2. L'epitaffio ribelle.


"Da qualche parte bisognerà pur cominciare" mi dissi, ed eccomi triste e curvo sui libri specifici di storia del cinema muto, solo e ramingo negli angoli delle videoteche dove non batteva mai il sole. Sbadigliavo al solo pensiero di sorbirmi noiosi drammoni in costume, o comiche che non fanno più ridere, con l'immancabile solfa d'accompagnamento suonata meccanicamante da un pianista frustrato, all'epoca assediato da un pubblico di bifolchi, semianalfabeti, e ragazzini vocianti. Speravo di chiudere il capitolo "tesi" nel più breve arco di tempo. "Dacci dentro Andrea, e poi potrai finalmente scrivere il tuo libro intervista a Godard" come Truffaut fece con Hitchcock.

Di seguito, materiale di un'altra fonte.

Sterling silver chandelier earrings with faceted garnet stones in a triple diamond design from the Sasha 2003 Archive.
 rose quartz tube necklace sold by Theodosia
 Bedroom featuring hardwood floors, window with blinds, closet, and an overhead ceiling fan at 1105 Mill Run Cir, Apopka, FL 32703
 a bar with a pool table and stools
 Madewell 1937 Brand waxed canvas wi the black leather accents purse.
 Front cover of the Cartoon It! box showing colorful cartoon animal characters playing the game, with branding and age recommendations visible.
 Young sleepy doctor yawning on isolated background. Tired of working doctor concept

Tutto sembrava presagirlo, anche il silenzio di Godard nei miei confronti (è una persona scrupolosa- mi dicevo - starà sicuramente riordinando le idee in attesa di venire intervistato dal qui presente A.M.), quando inaspettatamente venne fuori lui. Sbucato fuori dalla polvere della storia, con uno sguardo brillante, istrionico, e...se non avessi creduto di esagerare...l'avrei definito di sfida. Ma di sfida a chi? Non certo a me, che dovevoIl compilare una nota biografica, mica affrontare un duello.
"Ernesto Maria Pasquali, produttore cinematografico, nato nel 1883, morto nel 1919". Un piccolo appunto, che sembrava pretendere un approfondimento che non gli stavo concedendo. Come l'avrei messa con quello sguardo fiero, sicuro di se, incurante del fatto che rappresentasse ormai poco più di un epitaffio scolorito? Rimasi senza risposta. L'indifferenza, per quella volta, l'ultima forse, ebbe la meglio: voltare pagina, scrivere, sottolineare, e sbadigliare. Il mio lavoro proseguì, e non potei non pensare che presto un relatore avrebbe potuto fregarsi le mani prima di appropriarsi di un lavoro altrui. Il mio.